Rothkamm beweist enorme Spielfertigkeit, kompositorisches Geschick, humoristisches Talent, die Qualität, melancholische Tiefe auszudrücken, komplexe Noten lebhaft zu intonieren und virtuose Schlenker zu inszenieren.
Track 9 hat den Untertitel "Gott erhalte Franz den Kaiser". Ob damit der Letzte derer des Heiligen Römischen Reiches oder der, mir schwant dies böses ahnend, dieser Fußballtyp oder einer der vielen anderen gemeint ist, die mal deutsche Herrscher waren, geht mir nicht ein. Das Stück indes ist eine freie, lyrische Improvisation zum Thema der früheren Kaiserhymne von Joseph Haydn, woraus die deutsche Nationalhymne gemacht ist, die Vertonung des Deutschlandliedes von August Heinrich Hoffmann von Fallersleben. Das 17. Stück ist "Pater Noster" untertitelt, vermutlich spielerisch. Ob in dem Haus, in dem Zahras Appartement zu finden ist, ein Paternoster arbeitet, oder ob dies nur eine weitere Inspiration war, sei dahingestellt. Das Thema ist nachdenklich verträumt und hat doch den Ausdruck leichter Komik, als künstlerisch gelungener Ausdruck der baren Erkenntnis der Funktion des Paternosters, des Aufzugs. Oder aber, ganz andere Richtung, ist damit das ‚Vaterunser' gemeint?
Der 19. Track ist die wohl ungewöhnlichste Variante von Deep Purples "Smoke on the Water". Wer das Album unbedarft hört und das Booklet nicht zu Händen hat, wird vielleicht darüber hinweghören oder schlicht ein kurzes Lächeln im Mundwinkel haben, bevor das Thema gerupft ist. Und vom 20. Track im Anschluss furios überlebt wird.
Die konzeptionelle Knappheit der Kompositionen ist beeindruckend, wie der illustre Klang des Instrumentes. Eine leichte Weichheit liegt im Klang der Töne, der Raum, in dem aufgenommen wurde, gibt der Aufzeichnung dunkle Tiefe und erhabene Privatheit.
Die CD ist 41:49 Minuten lang, hat keinen Zeitgeist-Charakter und fällt stilistisch komplett aus dem Rahmen.
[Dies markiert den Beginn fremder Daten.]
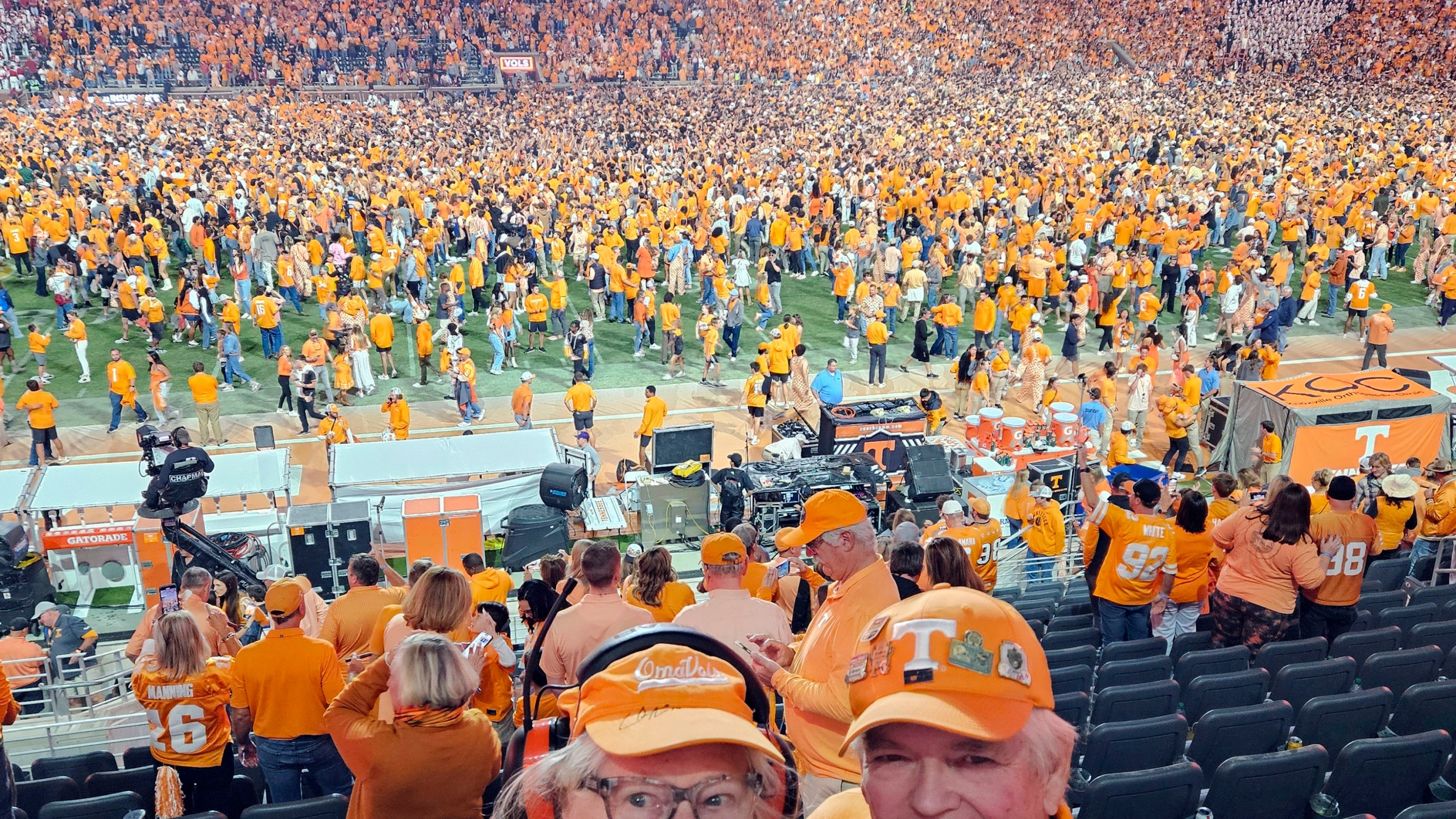 In this image provided by Earl Brown, Brown and his wife Judy pose as Tennessee fans storm the field after the Volunteers defeated Alabama in an NCAA college football game, Saturday, Oct. 19, 2024, in Knoxville, Tenn. (Earl Brown via AP)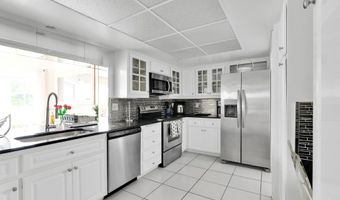 450 French Royale Cir, Atlantis, FL 33462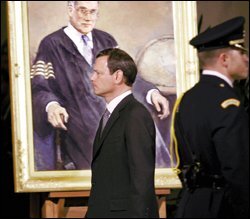 Judge John G. Roberts Jr. walks past a portrait of Chief Justice William H. Rehnquist at the U.S. Supreme Court on Sept. 6 as the late chief justice's body lies in repose nearby.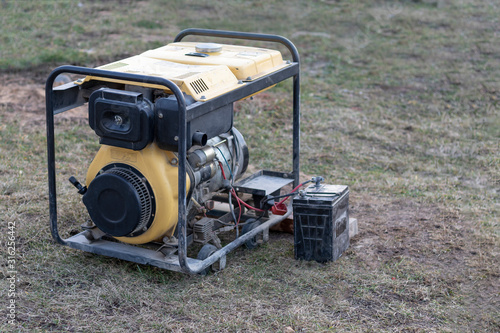 close-up. Street lighting. A gasoline-powered generator that produces current. A car battery is connected for charging. Backup or emergency power source. The generator is not new photo
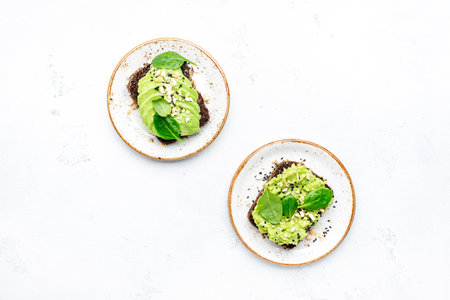 Avocado sandwich or toast on rye bread with spinach, crushed cashew nuts and sesame seeds, on plate, white table background, top viewの写真素材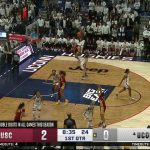 Juju Watkins drills a 3-pointer over Paige Bueckers, extending USC's lead over UConn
Konservative Klassiker, so es die heute noch mit offenen Ohren und Sinnen gibt, werden über die kleinen Jazz- und populären Einflüsse erstaunt sein. Wer ambiente oder unterhaltsame Klänge liebt, kann durchaus von den "Zahra Fugues" angesprochen werden und wird zu innerer Ruhe und Musikneugierde finden.
Ganz einfach: Anspruch und Erwartung abgesattelt, ist die pure Musik schlicht grandiose Überraschung. In ihrer Vielfalt und Klangbreite, Virtuosität und Nonchalance sind die 26 kleinen Fugen ein großes Stück Musik.